WHAT YOU WILL DO> No pictures, nothing altered: return the data below.

Stored entries:
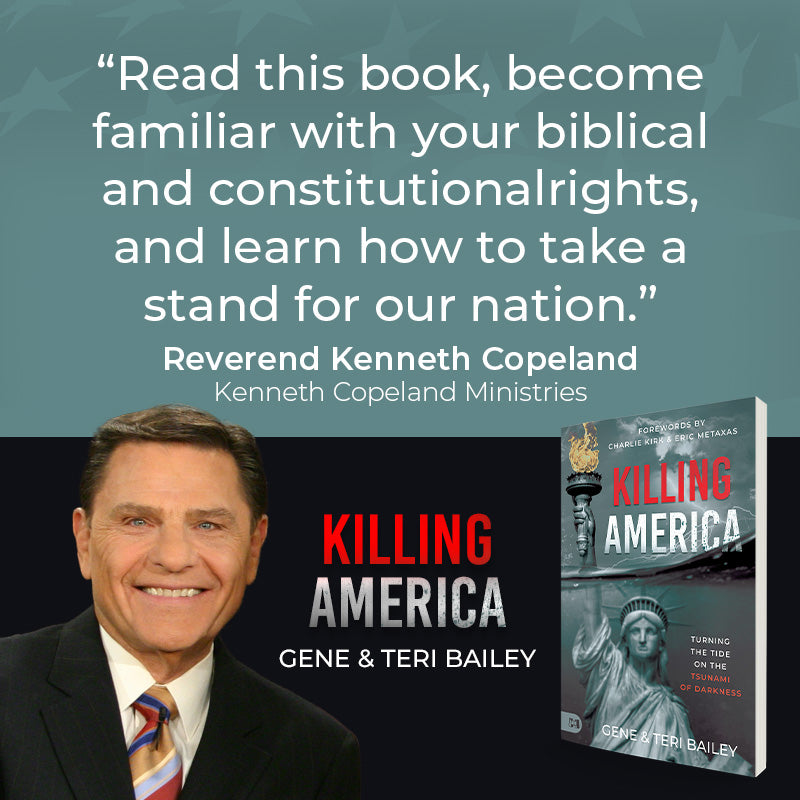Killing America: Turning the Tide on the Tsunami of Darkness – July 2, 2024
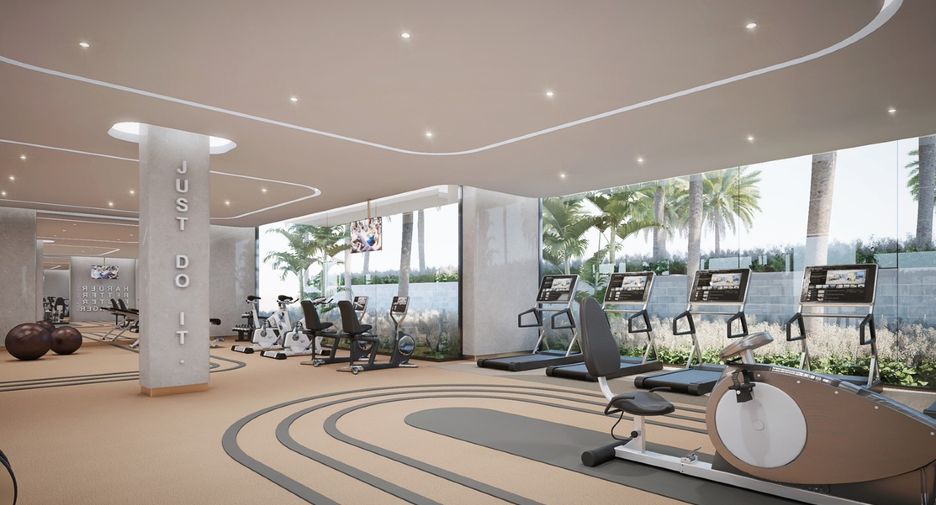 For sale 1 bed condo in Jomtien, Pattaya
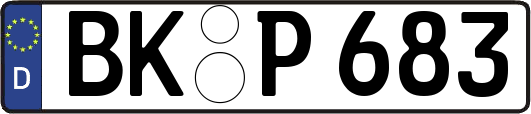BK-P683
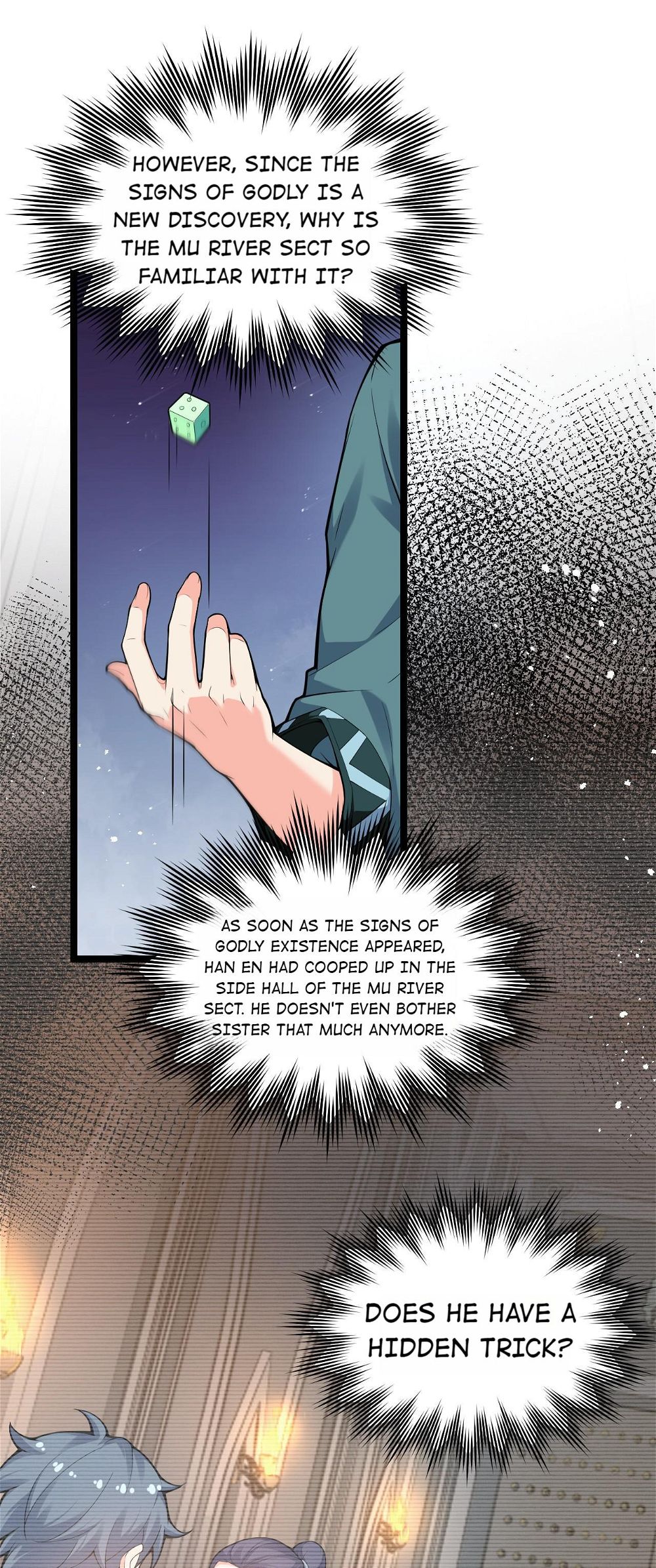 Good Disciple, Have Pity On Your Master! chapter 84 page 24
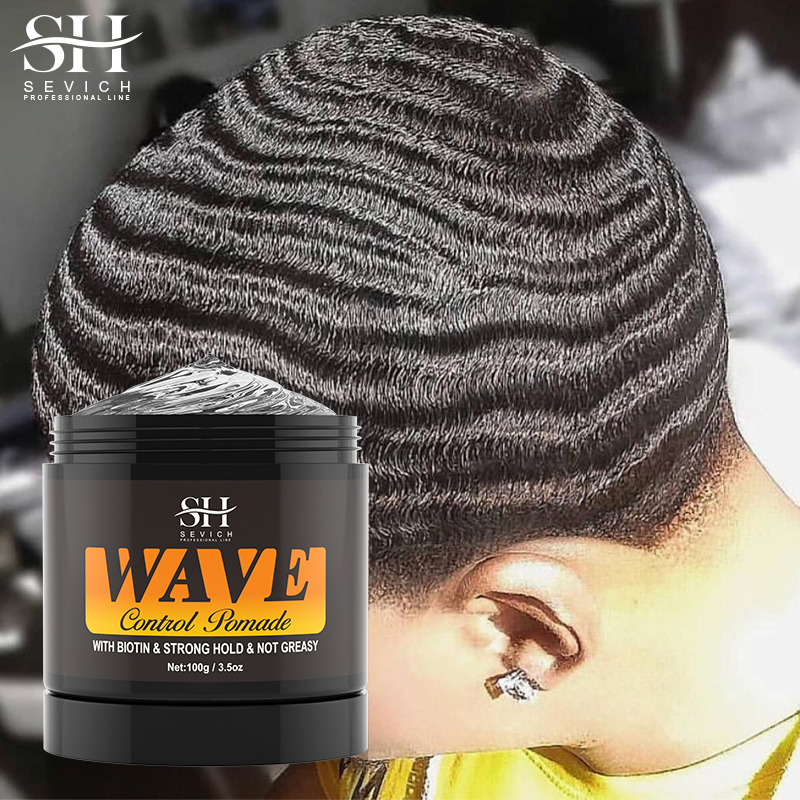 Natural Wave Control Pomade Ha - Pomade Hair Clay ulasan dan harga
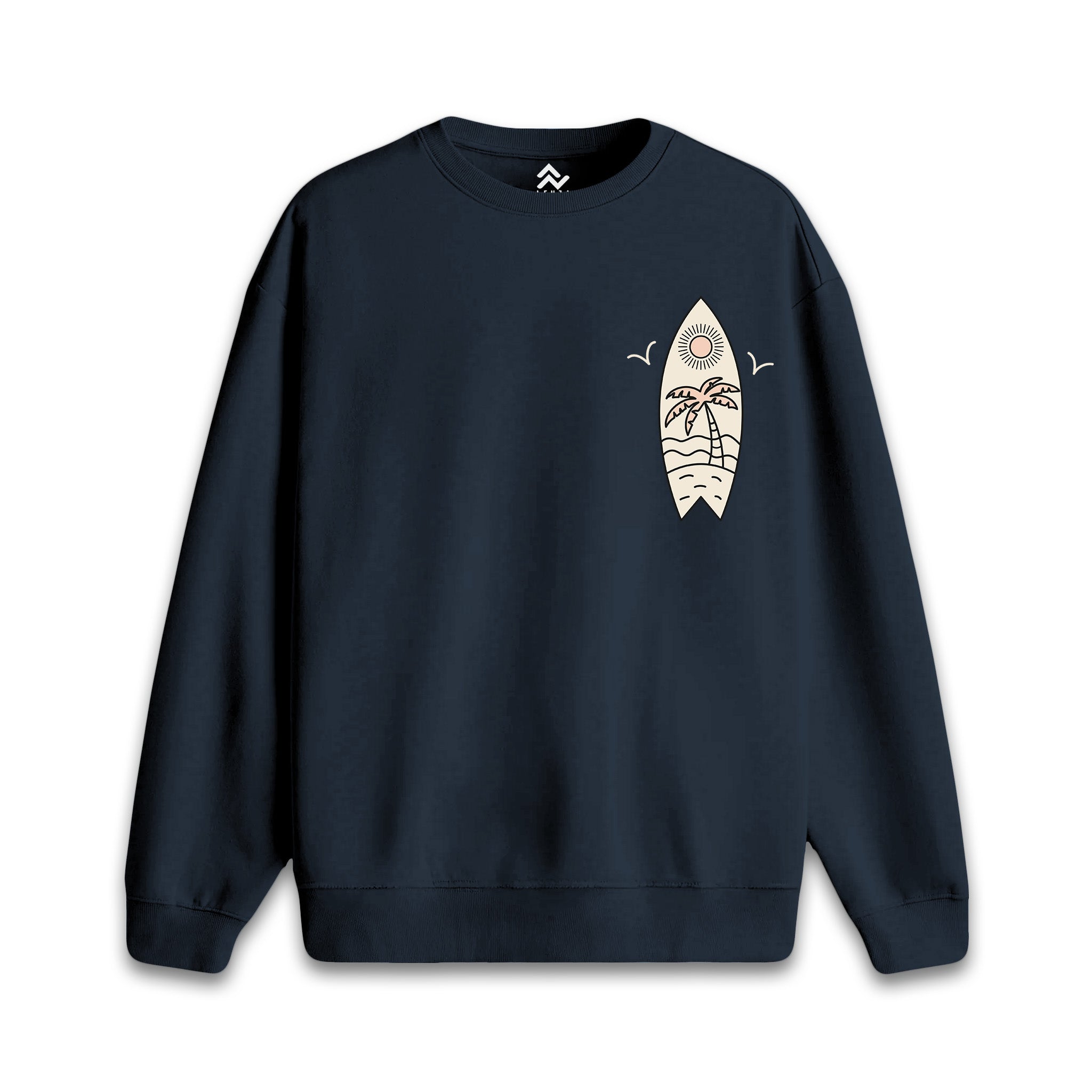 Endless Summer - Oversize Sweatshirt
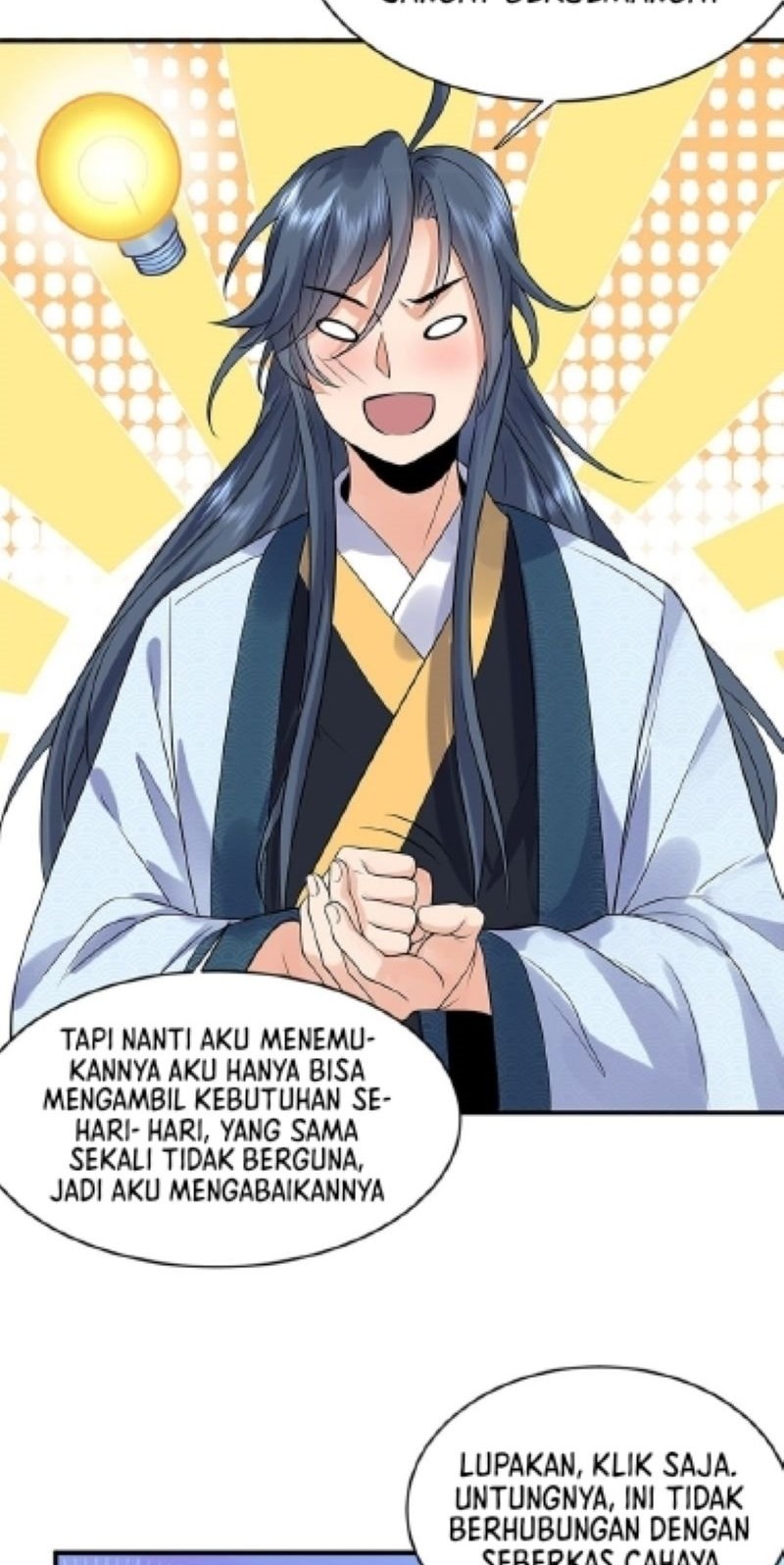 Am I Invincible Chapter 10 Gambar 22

EXERCISE RESPONSE>
Killing America: Turning the Tide on the Tsunami of Darkness – July 2, 2024
 For sale 1 bed condo in Jomtien, Pattaya
BK-P683
 Good Disciple, Have Pity On Your Master! chapter 84 page 24
 Natural Wave Control Pomade Ha - Pomade Hair Clay ulasan dan harga
 Endless Summer - Oversize Sweatshirt
 Am I Invincible Chapter 10 Gambar 22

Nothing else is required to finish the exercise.